There was no immediate comment from the Congress which is fighting a tough election under the leadership of Sonia's son and the fourth generation member of the Nehru-Gandhi dynasty, Rahul Gandhi.
India has vowed to put the two Italians on trial but has dropped a plan to prosecute them under a tough new anti-piracy law.
The sailors, part of a military security team protecting a privately owned cargo ship, say they mistook the fishermen for pirates and fired warning shots into the water during the incident in February 2012, off the coast of Kerala state.
Modi demanded the government come clear on the whereabouts of the sailors, who are thought to be at the Italian embassy as they await trial. "Which prison are they in Who is responsible" he said.

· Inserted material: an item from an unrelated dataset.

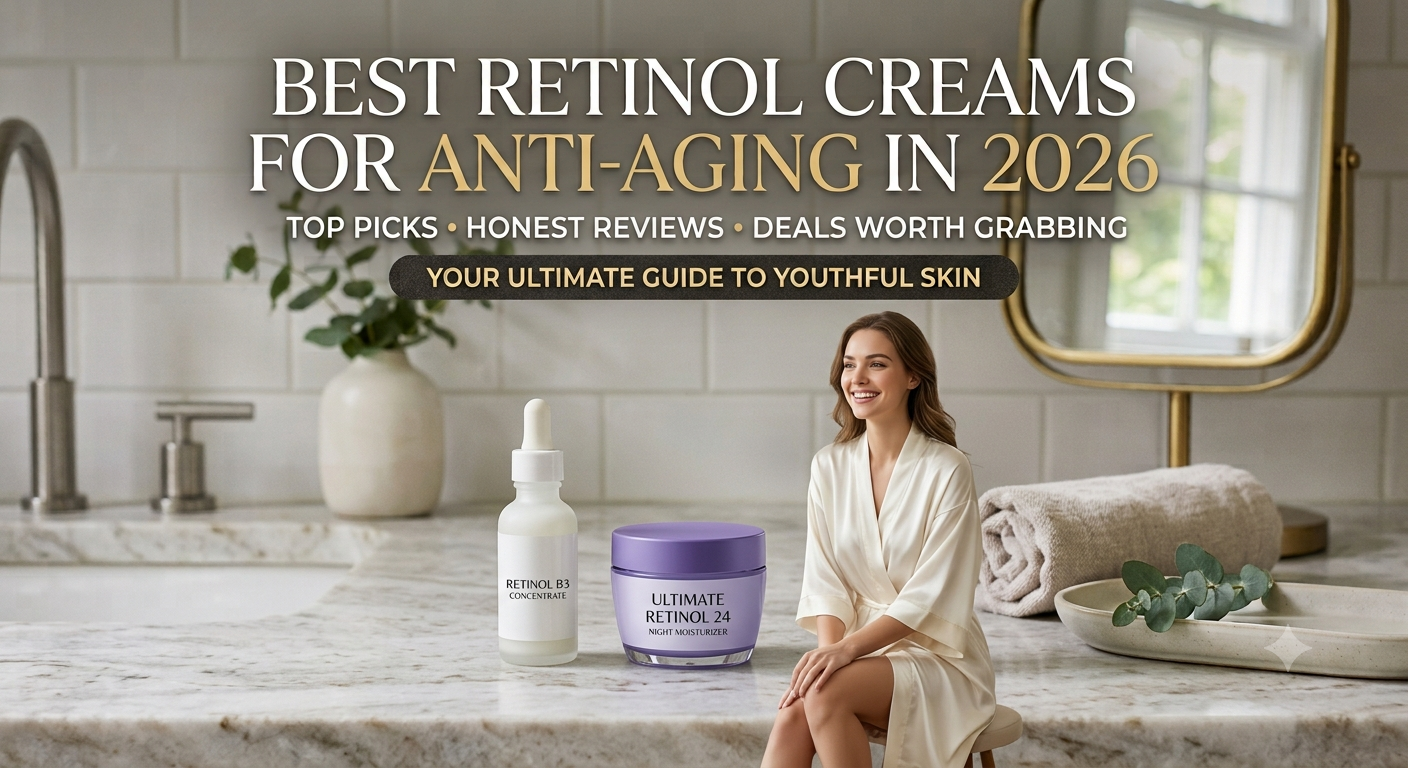 Best Retinol Creams for Anti-Aging in 2026: Top Picks, Honest Reviews, and Deals Worth Grabbing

Modi, a polarising figure, has throughout the campaign trained his guns on India's most powerful family, attacking Rahul as a privileged "shehzada," or prince.
Opinion polls suggest Modi's Bharatiya Janata Party-led alliance is increasing the lead over the ruling Congress party and its allies and is best placed to form a coalition government after the elections, set for April and May.
The BJP-led coalition could win 233 seats out of the 543 at stake, within striking distance of the 272 required to rule, a poll by ABP News-Nielsen said at the weekend. The ruling alliance could slip to 119 seats, it said.
Modi's personal ratings remained the highest, with 54 percent of those polled in March picking him for prime minister. The rating was down from 57 percent in February, however.
"You gave them 60 years, give me 60 months. I promise I will change the country," Modi told Monday's rally.